A “Primavera MVI” - Há 14 anos!
A 10 de março de 2011 acordei cedo, já na casa de Harhoura/Rabat, que sabia ser a certa, após sete tentativas goradas em dois meses. Foi o início do início da minha década de 40, com Marrocos em transe, após as quedas de Ben Ali, na Tunísia, e Hosni Moubarak, no Egipto. A Primavera Árabe começara oficialmente em Marrocos a 20 de fevereiro, com o “inorgânico humanitário” das pequenas associações a manifestarem-se em todas as “capitais de distrito do reino”, sob a cobertura associativa que marcou esta época, a “AMDH”, a Associação Marroquina dos Direitos Humanos, o “grémio” melhor preparado e estruturado para reivindicar as reformas justas.
Assim nasceu o M20, Movimento 20 de Fevereiro, que acompanhei diariamente e com o qual fugi à polícia, na polémica manif da rotunda do Asswaq Salam, já em maio, creio!
Levantei-me cedo a 10, porque na noite anterior, o rei Mohamed VI tinha discursado ao reino, em reacção aos acontecimentos no Norte de África e Médio Oriente. Com hora marcada para o noticiário das 08.00 da TSF, abri com um, “a partir de ontem, é o rei que está a fazer a revolução, com o pacote de reformas anunciadas!”

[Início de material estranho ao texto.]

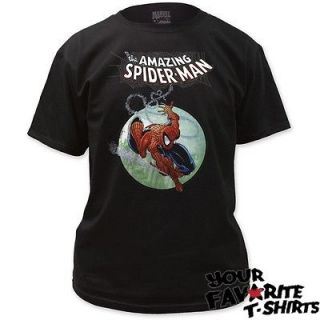 The Amazing Spider Man todd mcfarlane Marvel Licensed Adult Shirt S 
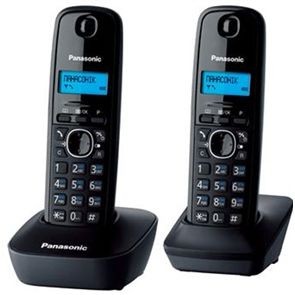 Радиотелефон Panasonic KX-TG1612UAH (черный серый) + доп. трубка АОН+ Caller I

De facto, comemorou-se ontem 14 anos, desde o anúncio do referendo à nova Constituição, aprovada em julho seguinte e com Legislativas em novembro, Marrocos tratou de dar certezas às ansiedades populares, antes que o ano acabasse. Reformou-se e, por isso, reforçou-se!
Quanto à Constituição de 2011, dessacralizou a figura do rei e tirou-lhe o poder de nomear o primeiro-ministro (PM), independentemente de quem ganhe as eleições. Ou seja, o PM passa a ser obrigatoriamente o líder do partido/coligação vencedor/a. Acabaram-se os governos tecnocratas e entrou-se na “política sem rede”, o que também permitiu a “experiência islamista” nos dez anos seguintes e rejeitada nas urnas em 2021.
O timing do palácio foi perfeito: em 2008 é apresentado publicamente um plano de regionalização e autonomia avançada para as províncias do Sul, ao que a União Europeia responde com um pedido de reformas políticas. O pretexto Primavera Árabe permitiu a apresentação do pacote de reformas, em forma de nova Constituição e “matar” as dúvidas trazidas a partir de Tunes e do Cairo.
Aliás, à medida que os meses vão passando e a contestação e guerra se desenrolam no Egipto, Síria e Iémen, optar por não censurar as imagens/ notícias que vinham do Levante, foi essencial para os/as marroquinos/as perceberem o preço da “zizania” e que não queriam trazer para si a desgraça dos outros!
E, desde então, Marrocos tem-se tornado uma referência-farol para África, nas mais variadas frentes.
Também é desta época o início da formação de religiosos (muçulmanos) do Mali, em terras de sua majestade, em resposta aos avanços do AQMI, no Sahel. O número de estudantes africanos a estudarem, com e sem bolsas de estudo no reino, nunca foi tão grande. A Educação, tem demonstrado ser a reforma mais silenciosa e menos onerosa. Quando bem-feita, dura décadas e com aplicações várias vezes ao dia!